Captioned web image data
★ ★ ★
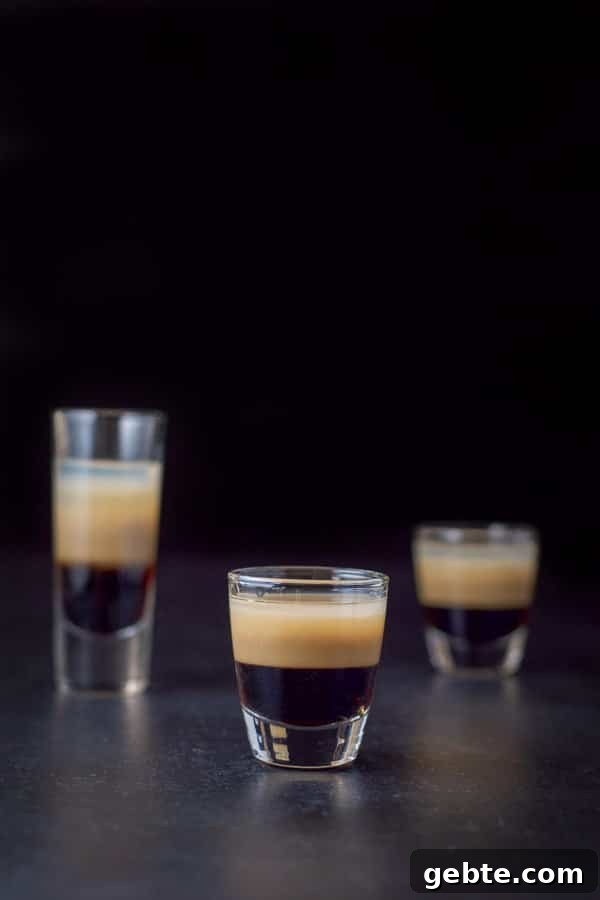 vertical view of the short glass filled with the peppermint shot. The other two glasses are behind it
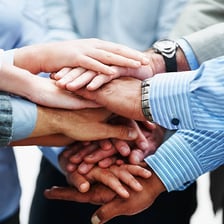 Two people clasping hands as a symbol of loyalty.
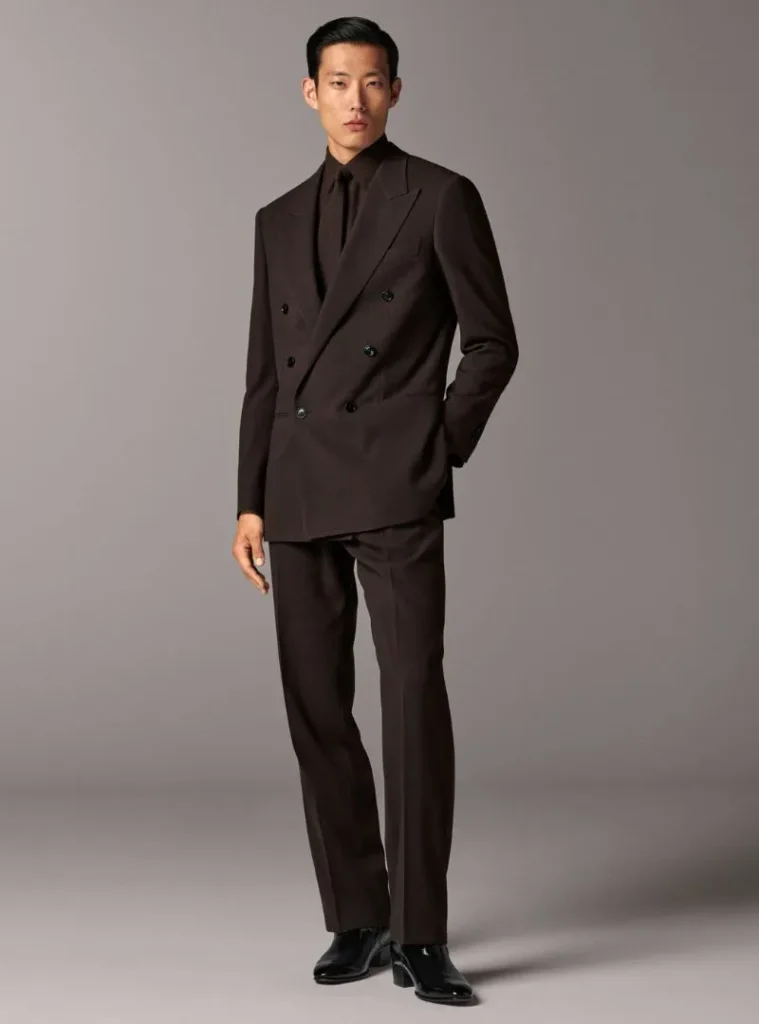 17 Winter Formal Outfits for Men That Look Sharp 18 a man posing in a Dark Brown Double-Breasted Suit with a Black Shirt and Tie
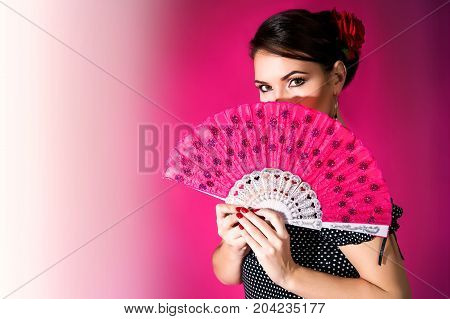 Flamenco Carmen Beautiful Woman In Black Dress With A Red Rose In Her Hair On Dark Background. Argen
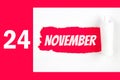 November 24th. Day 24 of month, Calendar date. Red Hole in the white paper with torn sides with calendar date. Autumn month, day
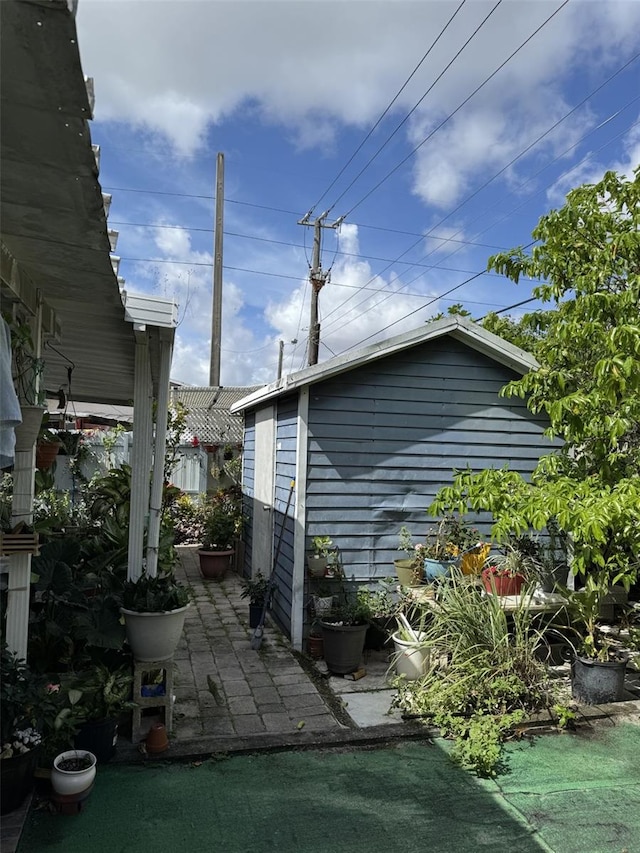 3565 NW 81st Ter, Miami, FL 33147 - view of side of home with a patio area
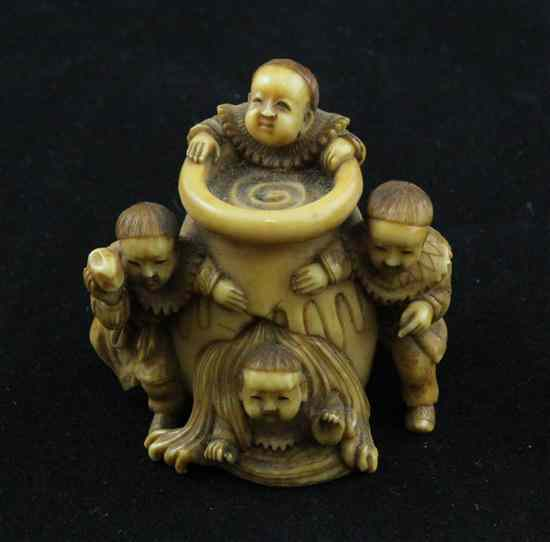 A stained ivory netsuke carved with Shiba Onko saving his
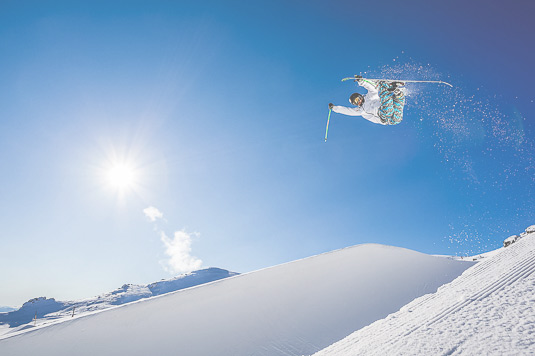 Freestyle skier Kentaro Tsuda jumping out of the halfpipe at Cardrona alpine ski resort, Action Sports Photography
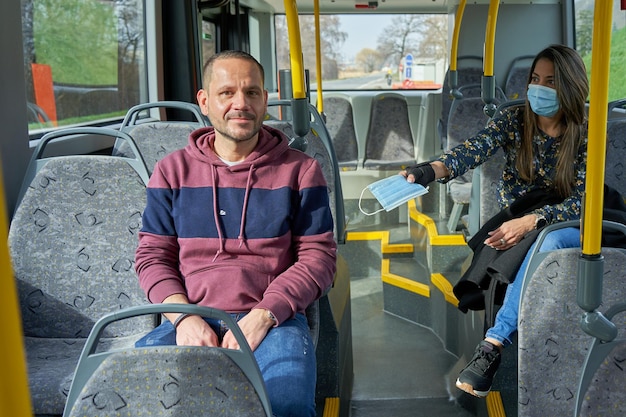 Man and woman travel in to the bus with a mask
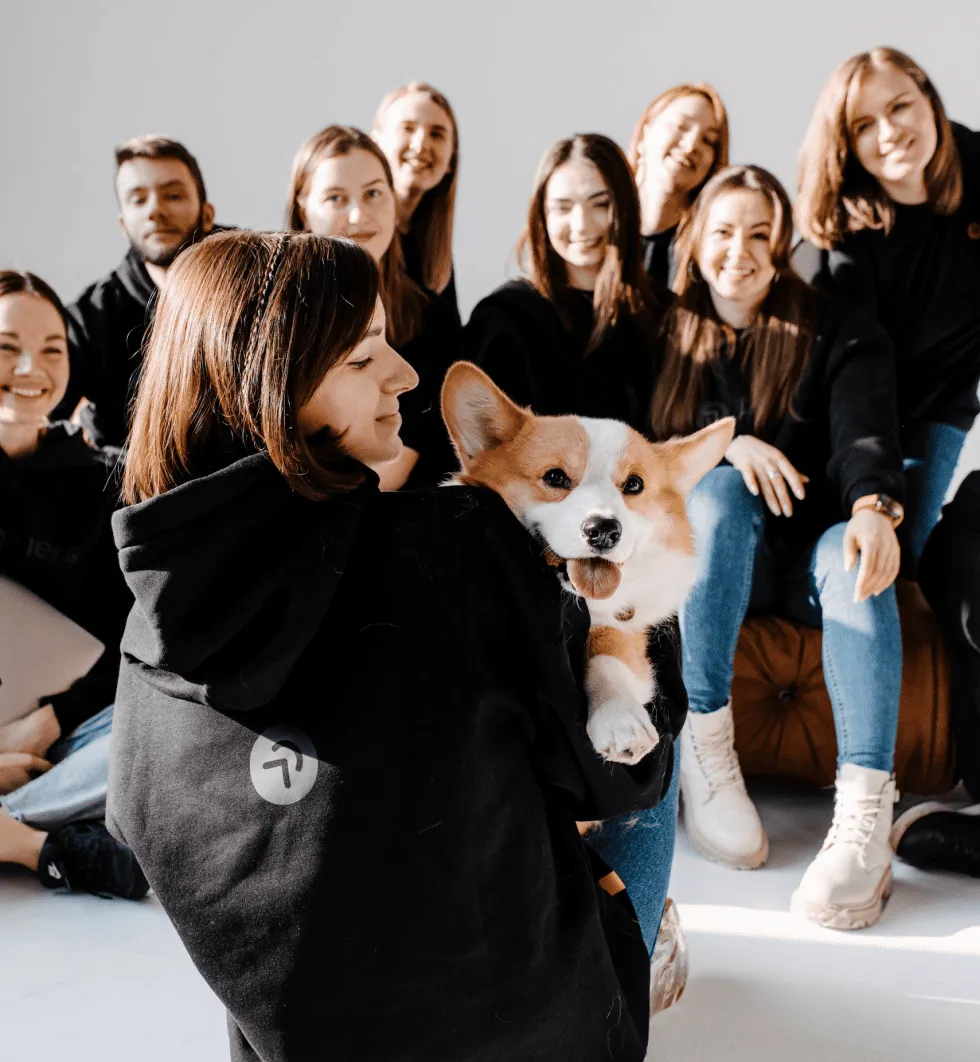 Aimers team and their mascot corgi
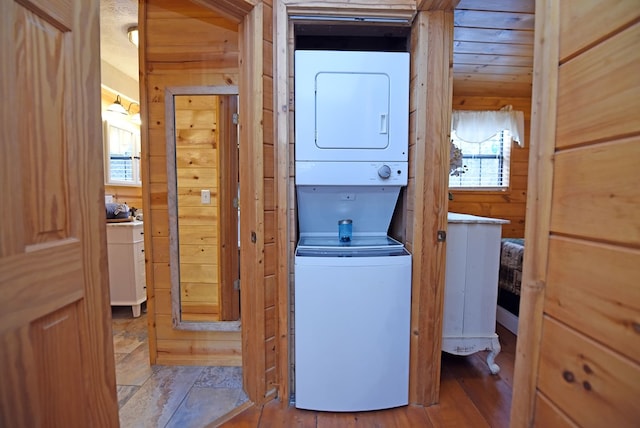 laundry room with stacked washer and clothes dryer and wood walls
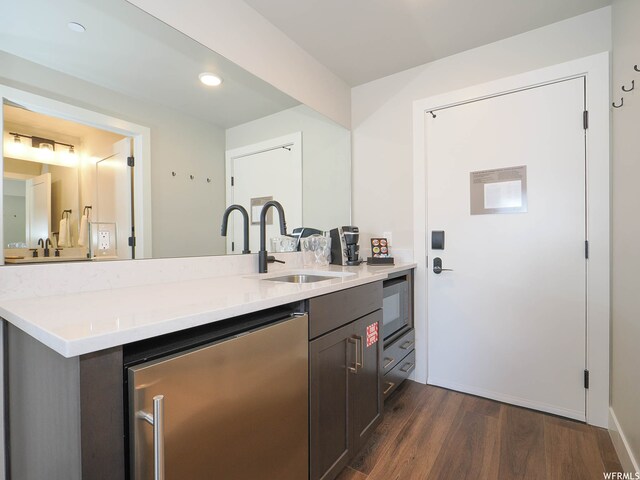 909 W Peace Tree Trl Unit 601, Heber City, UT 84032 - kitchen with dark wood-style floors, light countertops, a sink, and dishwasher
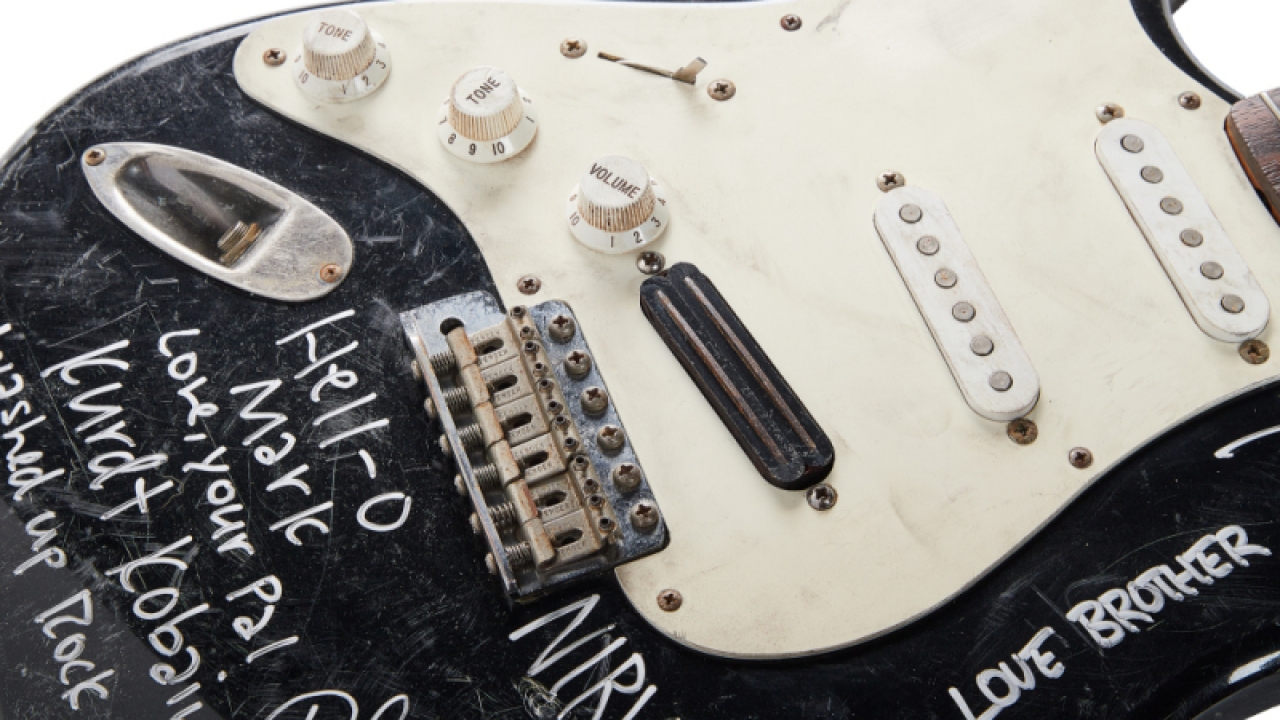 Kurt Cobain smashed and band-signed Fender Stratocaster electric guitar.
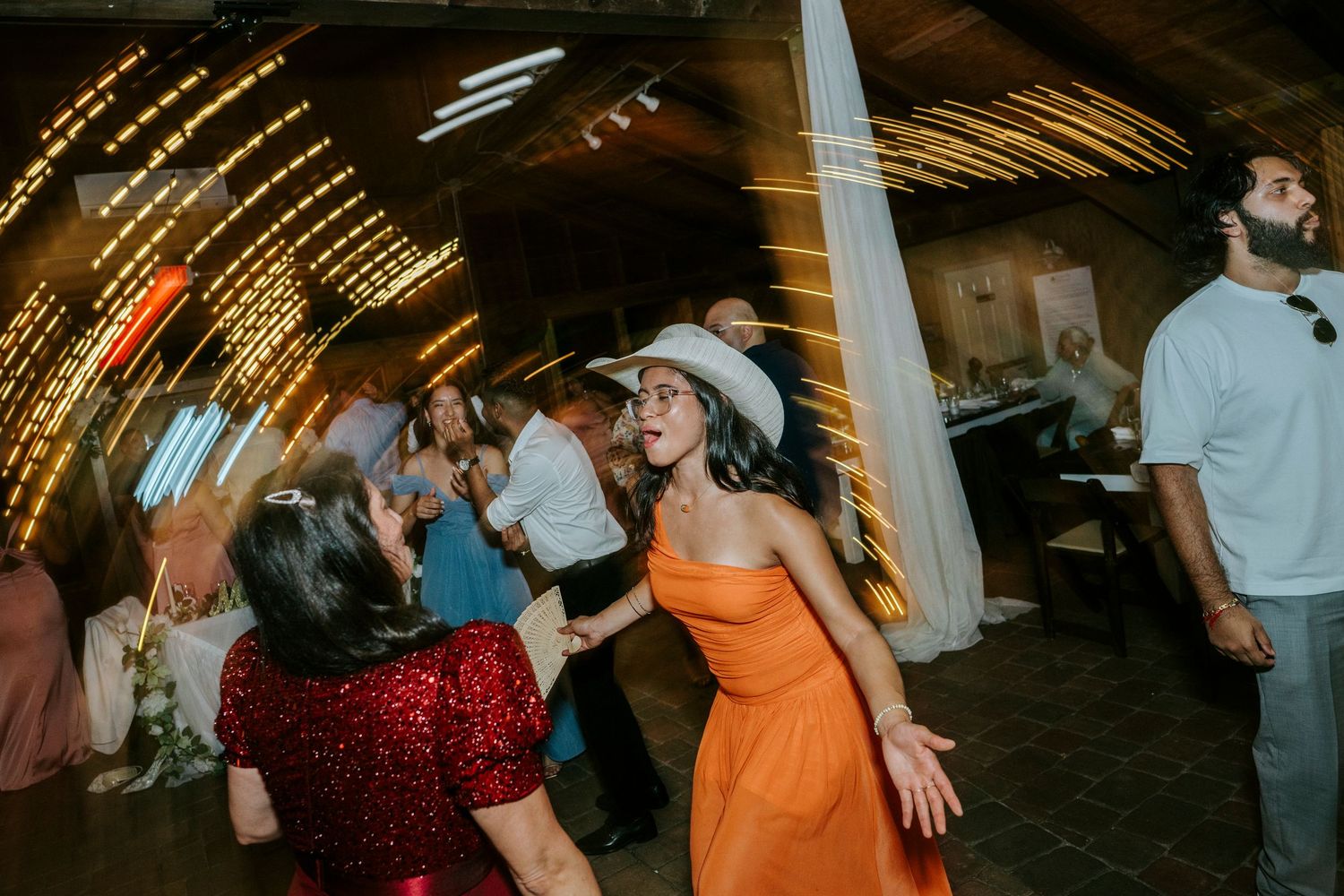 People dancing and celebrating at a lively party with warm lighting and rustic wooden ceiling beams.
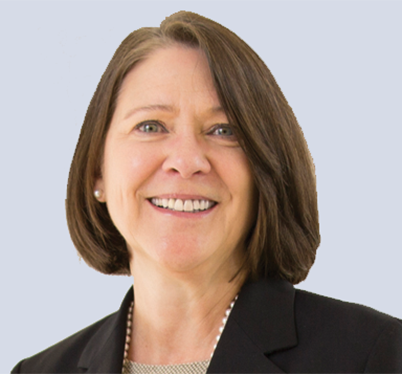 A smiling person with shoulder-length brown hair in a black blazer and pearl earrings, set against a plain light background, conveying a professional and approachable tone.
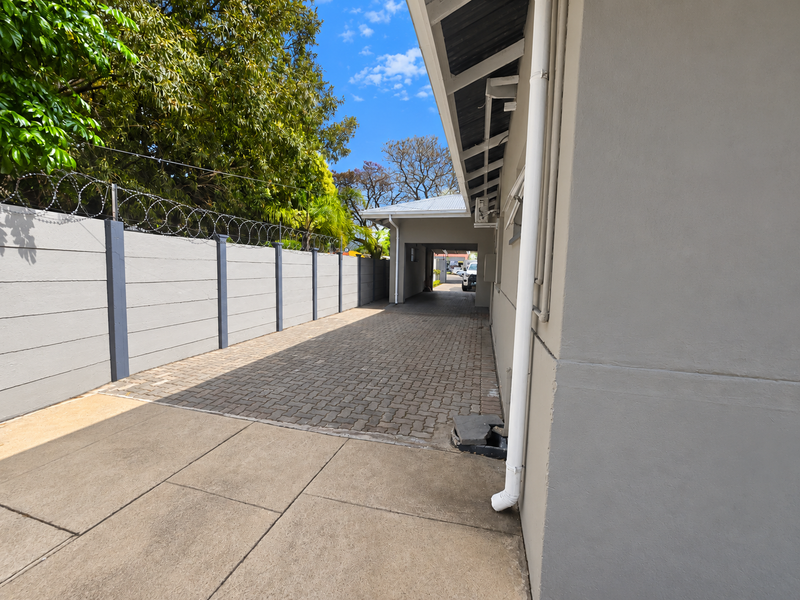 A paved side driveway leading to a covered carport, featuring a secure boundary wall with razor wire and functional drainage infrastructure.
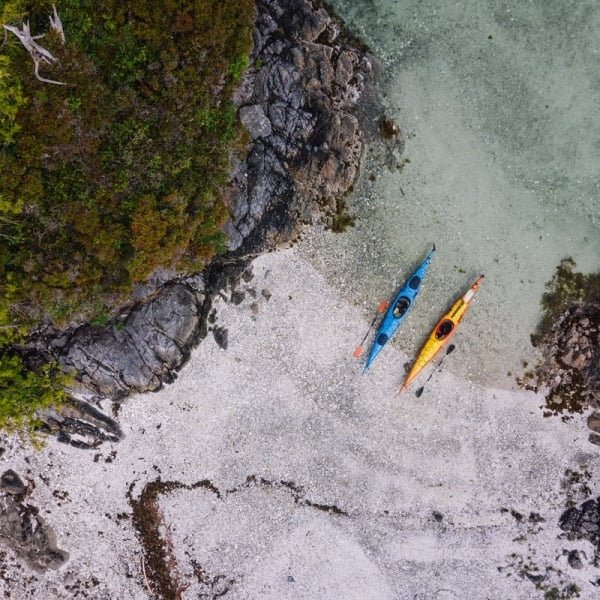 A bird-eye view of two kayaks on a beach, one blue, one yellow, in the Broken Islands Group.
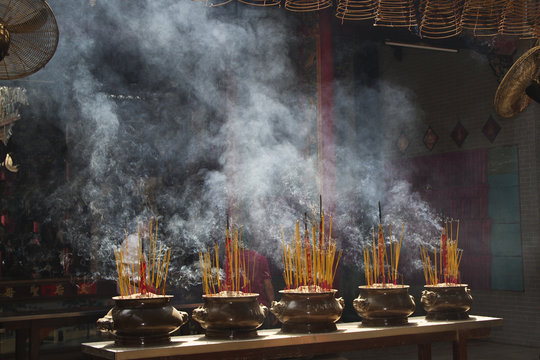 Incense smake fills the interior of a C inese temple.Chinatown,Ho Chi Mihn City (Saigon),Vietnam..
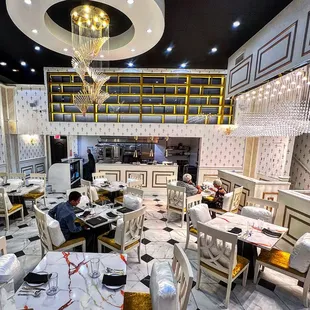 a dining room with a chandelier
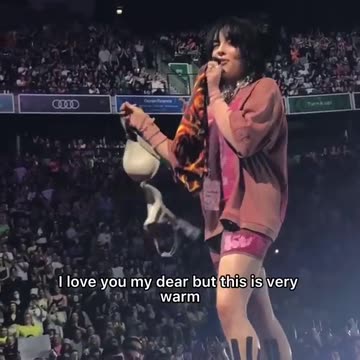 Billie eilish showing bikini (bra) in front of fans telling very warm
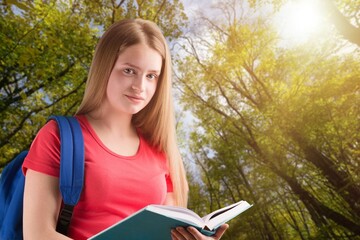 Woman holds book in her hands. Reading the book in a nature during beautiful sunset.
★ ★ ★
## Your assignment
Each line of the data should be quoted exactly, with pictures left out.

## The completed task
 vertical view of the short glass filled with the peppermint shot. The other two glasses are behind it
 Two people clasping hands as a symbol of loyalty.
 17 Winter Formal Outfits for Men That Look Sharp 18 a man posing in a Dark Brown Double-Breasted Suit with a Black Shirt and Tie
 Flamenco Carmen Beautiful Woman In Black Dress With A Red Rose In Her Hair On Dark Background. Argen
 November 24th. Day 24 of month, Calendar date. Red Hole in the white paper with torn sides with calendar date. Autumn month, day
 3565 NW 81st Ter, Miami, FL 33147 - view of side of home with a patio area
 A stained ivory netsuke carved with Shiba Onko saving his
 Freestyle skier Kentaro Tsuda jumping out of the halfpipe at Cardrona alpine ski resort, Action Sports Photography
 Man and woman travel in to the bus with a mask
 Aimers team and their mascot corgi
 laundry room with stacked washer and clothes dryer and wood walls
 909 W Peace Tree Trl Unit 601, Heber City, UT 84032 - kitchen with dark wood-style floors, light countertops, a sink, and dishwasher
 Kurt Cobain smashed and band-signed Fender Stratocaster electric guitar.
 People dancing and celebrating at a lively party with warm lighting and rustic wooden ceiling beams.
 A smiling person with shoulder-length brown hair in a black blazer and pearl earrings, set against a plain light background, conveying a professional and approachable tone.
 A paved side driveway leading to a covered carport, featuring a secure boundary wall with razor wire and functional drainage infrastructure.
 A bird-eye view of two kayaks on a beach, one blue, one yellow, in the Broken Islands Group.
 Incense smake fills the interior of a C inese temple.Chinatown,Ho Chi Mihn City (Saigon),Vietnam..
 a dining room with a chandelier
 Billie eilish showing bikini (bra) in front of fans telling very warm
 Woman holds book in her hands. Reading the book in a nature during beautiful sunset.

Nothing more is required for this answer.